■ INFORMATION SUPPLIED:

BEGIN

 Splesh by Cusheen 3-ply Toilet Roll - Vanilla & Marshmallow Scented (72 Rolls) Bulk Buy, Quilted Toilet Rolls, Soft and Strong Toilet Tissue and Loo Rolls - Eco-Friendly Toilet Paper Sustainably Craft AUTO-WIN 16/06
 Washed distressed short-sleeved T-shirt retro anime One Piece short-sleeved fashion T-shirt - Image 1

END
BEGIN

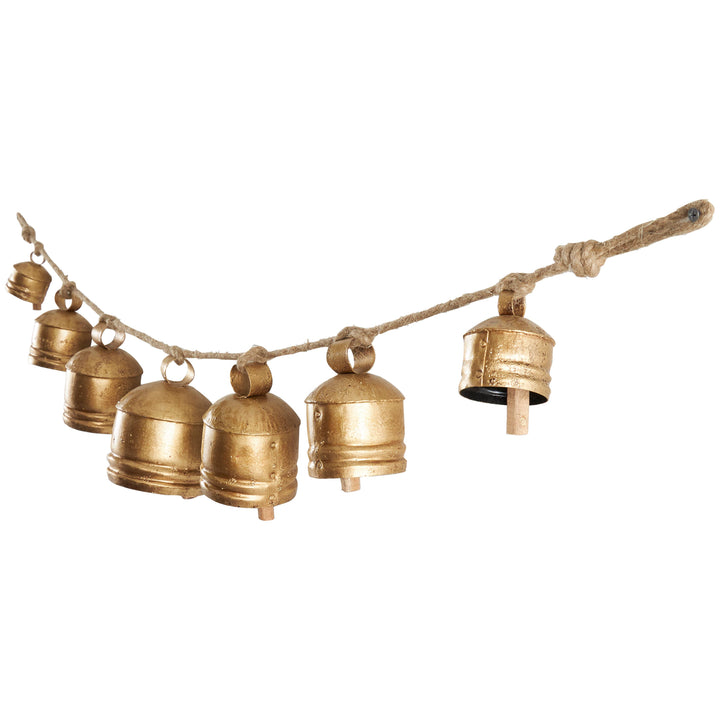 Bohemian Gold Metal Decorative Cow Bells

END
BEGIN

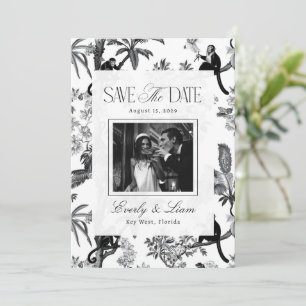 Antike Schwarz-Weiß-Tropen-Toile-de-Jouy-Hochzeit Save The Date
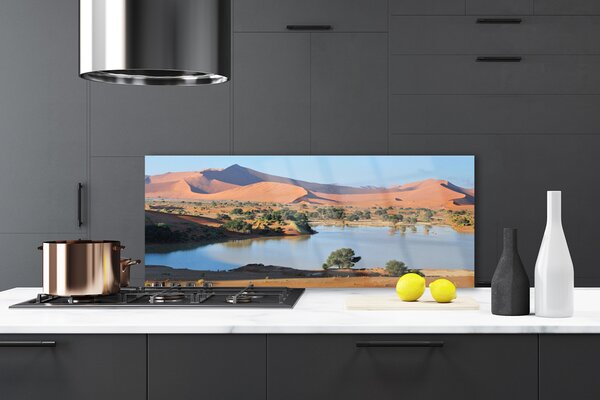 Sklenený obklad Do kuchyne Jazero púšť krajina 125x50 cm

END

■ WHAT TO PRODUCE: When copying from the data above, print only the lines from the line containing "Antike Schwarz-Weiß-Tropen-Toile-de-Jouy-Hochzeit Save" to the line containing "Sklenený obklad Do", exactly, and leave the pictures out.

■ TASK RESULT:
 Antike Schwarz-Weiß-Tropen-Toile-de-Jouy-Hochzeit Save The Date
 Sklenený obklad Do kuchyne Jazero púšť krajina 125x50 cm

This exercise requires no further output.